Monday, November 21, 2011

Count to 5 and Give Thanks!

5 ways to be thankful and enjoy the holiday:

1.  Be thankful that you don't have to wait to eat.  
If you enjoy a supportive breakfast and a supportive lunch, you will not be tempted to overeat during the    "big" meal of the day.  So eat well . . . all day!

2.  Be thankful the main course is turkey.
        What a great main dish!  Turkey is low in fat and high in protein.  Just what you need to make sure your body is not prompted to react with a high insulin response which causes more fat storage.

3.  Be thankful for lots of colorful vegetables.
Fill up with these low calorie, nutrient dense gems!  But make sure they are clean . . . not covered with sauce, or cheese or combined with high glycemic carbs.

4.  Be thankful for cool, clear water.
        And drink lots of it!  Remember that lots of calories lurk in holiday drinks.  But water is clear . . . and provides a fullness with no calories.

5.  Be thankful for the enjoyment of a holiday with a splurge of real sugar.
         The traditional dessert for Thanksgiving actually provides some nutrition along with the sugar . . . pumpkin has lots of fiber and vitamin A.  So enjoy . . . in small bites.

Thursday, November 10, 2011

Toning Vs. Building Muscle

This is a woman thing.  Women say to me all the time, “I don’t want to build muscle. I just want to tone my muscles.”  Well, guess what.  It’s all the same thing.  When you work on your muscles by using resistance training, you are toning those muscles and building new muscle tissue.  (Actually, you build as you rest and as you eat.) Now, in order to become really “muscle-bound” like you see on the magazine covers, you have to eat insane amounts of protein and have an insane amount of testosterone at your body’s disposal.  Most people do not have that much testosterone naturally in their body.  And ladies, we naturally have WAY less than men do.  So unless you are “supplementing,” you are not going to become “muscle-bound.”  But if you are consistently doing the right kind of resistance training along with the right kind of aerobic training . . . and eating supportively, you will create and maintain that lean, fit, sexy look that all of us enjoy!
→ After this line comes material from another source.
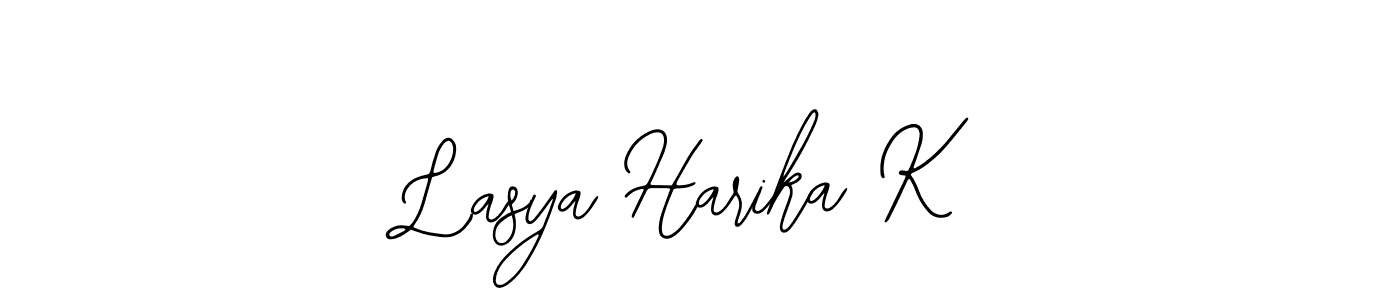 Bearetta-2O07w is a professional signature style that is perfect for those who want to add a touch of class to their signature. It is also a great choice for those who want to make their signature more unique. Get Lasya Harika K name to fancy signature for free. Lasya Harika K signature style 12 images and pictures png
Wednesday, November 2, 2011

Do Carbohydrates Make Me Fat?

No, but that dress does.  Just kidding!  Your body requires 3 macro-nutrients:  Proteins, Fats and Carbohydrates.  You should not eliminate any one of these categories from your diet.  In fact, ideally, you should eat from each of these categories at every meal!  Now, carbohydrates come in all different shapes and sizes . . . and qualities.  Some carbs are pure fluff and provide little to no nutritional value to your body.  These include refined sugars and overly-processed flours: i.e. candy, cupcakes, white bread, white rice, crackers, and even pretzels and bagels.  When you eat grain carbohydrates, make sure they are made from whole-grains: i.e. oatmeal, whole wheat bagels, quinoa, and brown rice.  But realize, too, that vegetables and legumes are a great source of the carbohydrates that your body needs!  The key here is to eat as naturally as possible and avoid too many processed products.  If you do choose to eat from a package, read the ingredients and look for higher fiber numbers and lower sugar numbers. And combine the carbs that you eat with a protein and a fat.  This will help moderate your body’s uptake of the food and keep your blood sugar more stable.  And this really is the key to avoiding the fat accumulation that occurs in response to “feast” and “famine” blood sugar spikes and dips.  So, eat carbs.  Just try to eat mostly good quality carbs and eat a lean protein and a good fat with those good carbs.  You’ll feel the difference in the energy you have to face each day!